After the increased intensity of the last week, school timings have been curtailed to accommodate the Class 10 and 12 Board exams. So the junior classes begin at 7 am and the children line up to go home at 8.45 am. On most days, Neha has barely 20 minutes for her math class, so the days are spent revisiting what they have learnt so far.

Neha realises that most of her students keep getting stuck on division sums with remainder. So she sets aside Wednesday, Week 5, to tackle this problem.

Neha writes down 29/9 and asks Siddharth to recite the table of 9. He does it haltingly but makes it to 9×4. Neha tells him to stop there and says, “Look, it’s bigger than 29…” Siddharth picks up the cue and manages to crack the sum.

The next day she gives them a test with division sums. Some continue to make mistakes: writing 0 as remainder regardless of the rest of the operation. And then there are those who are still tripping on their tables.

“There are children in my class who know their tables but are not practising. That makes me very sad,” says Neha.

She gets all those who got their division sums wrong to line up and recite the tables. They line up, backs to the blackboard and mumble along. But Vismaya, who is part of the group, stands listlessly looking out of the window. Neha asks her to recite the table of 6. She looks down, shuffles her feet for a while before looking up and saying, “I only know it in Hindi.”

“You must not worry about that.

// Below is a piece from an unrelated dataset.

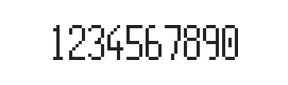 5×11数字点阵字体 ddN511AB1020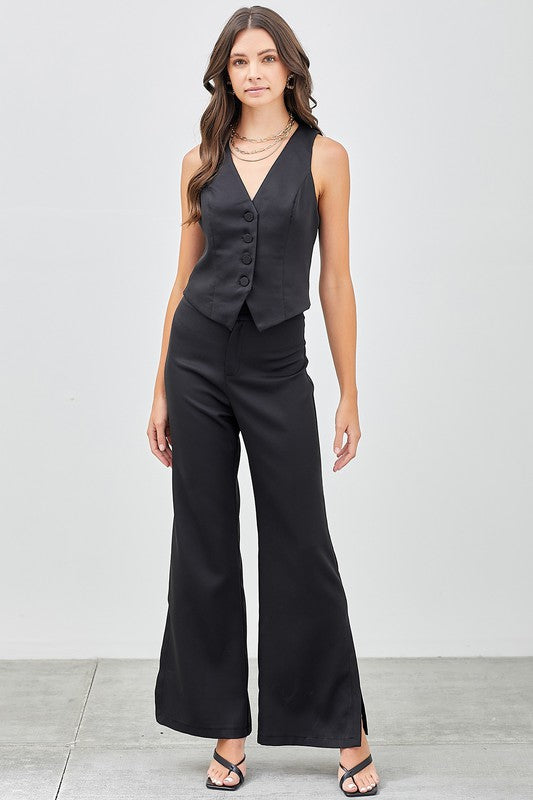 3 Color Way Wide Leg Pants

Whether it is English, Hindi or Bengali, what matters to me is that you know it.”

Vismaya takes a breath and recites the tables of 6 — perfectly, in Hindi.

Chhaih ika chhaih; Chhaih duni baara

Chhaih tia athaara…

Neha smiles, Vismaya gets applause.

ASSESSMENT 4, May 7

Can do division: simple division, 10 with remainder  18

Cannot do simple division, can do 2-digit subtraction             2

Cannot identify single digit numbers, beginner          1

l A lot of children didn’t turn up for this round of assessment. With some who did their division-with-remainder sums in the last assessment failing to do so this time, Neha also had to take the difficult decision of moving them back to the simple division level. Siddharth, who had been getting special attention from Neha, has made a lot of progress — from not being able to do subtraction sums to solving two simple division sums. Harish, however, remains a challenge. He still can’t identify single-digit numbers.